Stored items
========================================================================

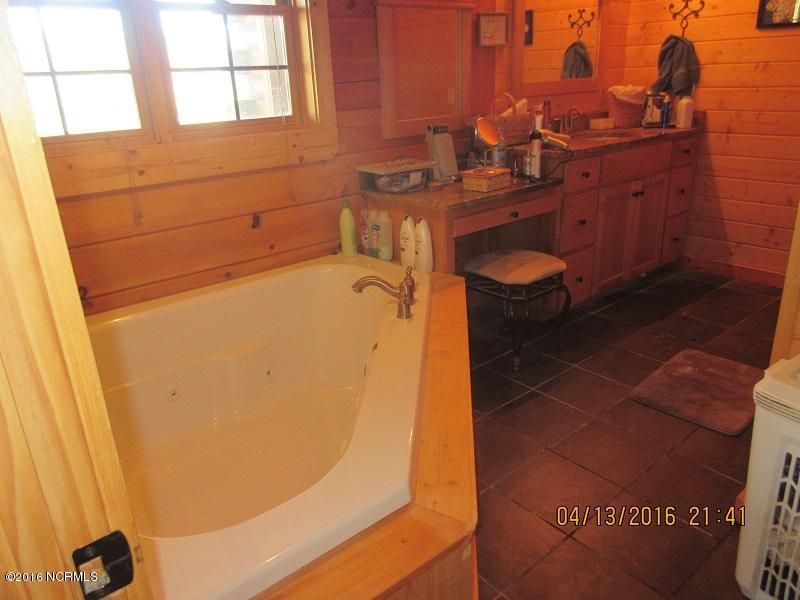 3596 Point Caswell Road Atkinson, NC 28421 - Photo 32 of 46 IMG_2082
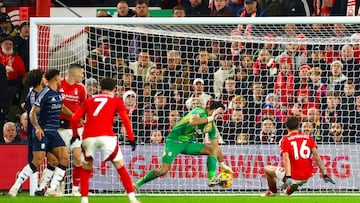 Esta es la atajada del Dibu Martínez que esta nominada a la mejor de la temporada en la Premier League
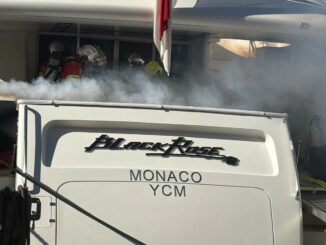 I pompieri di Monaco hanno simulato un incendio a bordo di uno yacht ormeggiato nel porto Hercule, facendo scattare il piano d'emergenza.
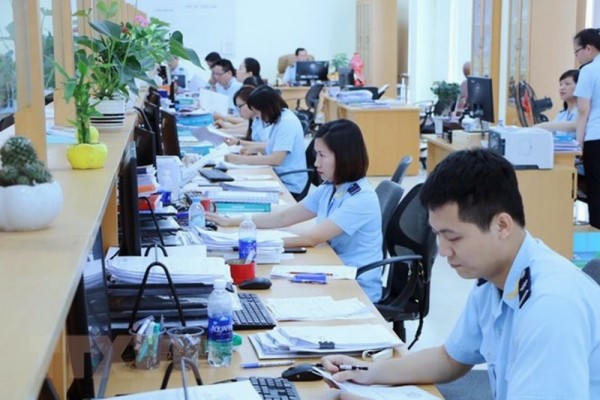 Hà Nội đề xuất chi thu nhập tăng thêm cho cán bộ, công chức, viên chức từ năm 2026 (Ảnh minh hoạ).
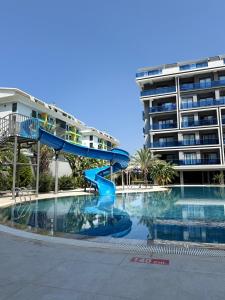 Modern, Pool with slide,150m to beach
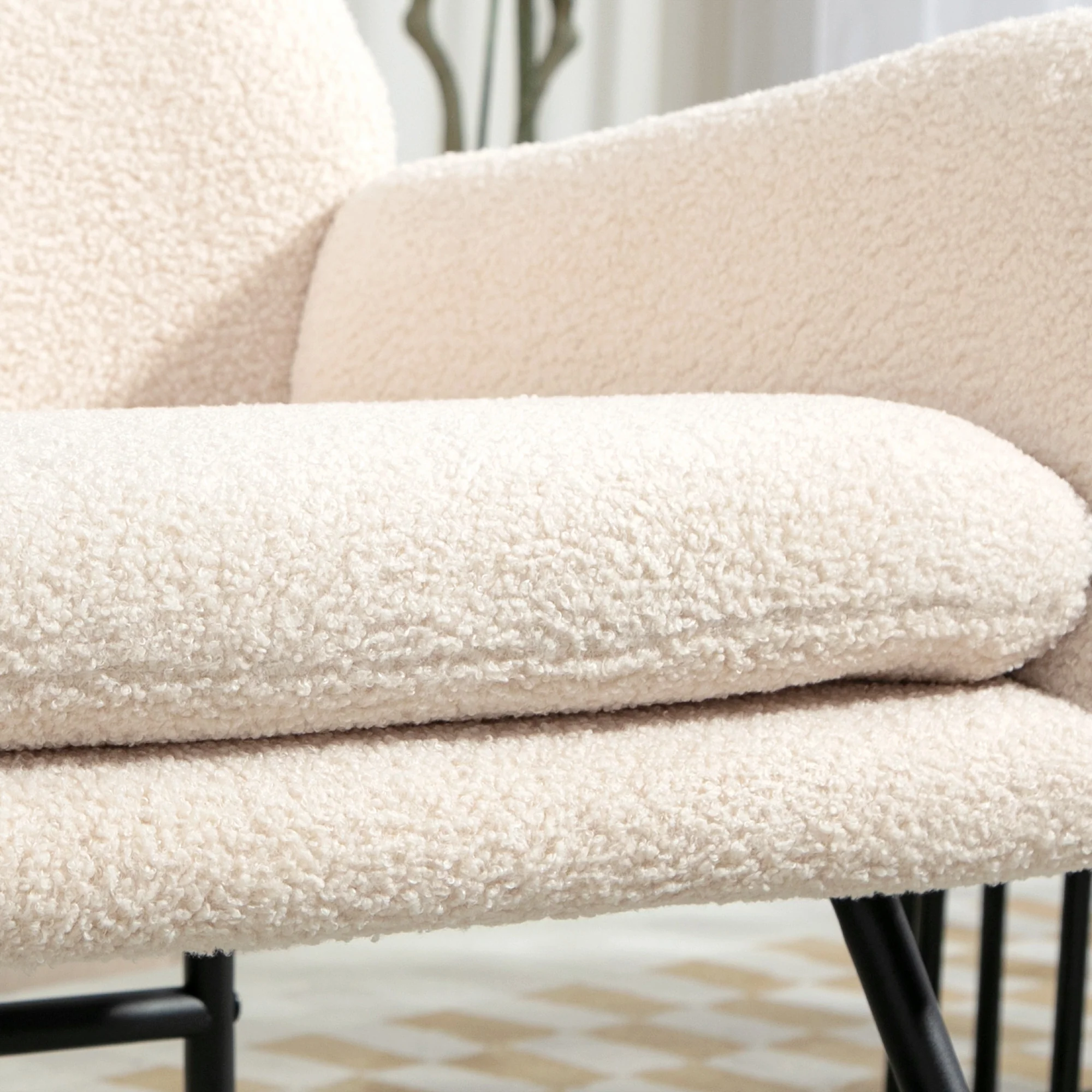 Fauteuil à bascule, chaise à bascule, avec assise de 10 cm d'épaisseur, pieds incurvés en acier, capacité de charge 120 kg, pour salon, chambre, balcon, beige et noir - Image 10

========================================================================

ASSIGNED TASK: Verbatim, write out the line containing "I pompieri di" and all later lines through the end of the records, leaving every picture out.

TASK RESPONSE:
 I pompieri di Monaco hanno simulato un incendio a bordo di uno yacht ormeggiato nel porto Hercule, facendo scattare il piano d'emergenza.
 Hà Nội đề xuất chi thu nhập tăng thêm cho cán bộ, công chức, viên chức từ năm 2026 (Ảnh minh hoạ).
 Modern, Pool with slide,150m to beach
 Fauteuil à bascule, chaise à bascule, avec assise de 10 cm d'épaisseur, pieds incurvés en acier, capacité de charge 120 kg, pour salon, chambre, balcon, beige et noir - Image 10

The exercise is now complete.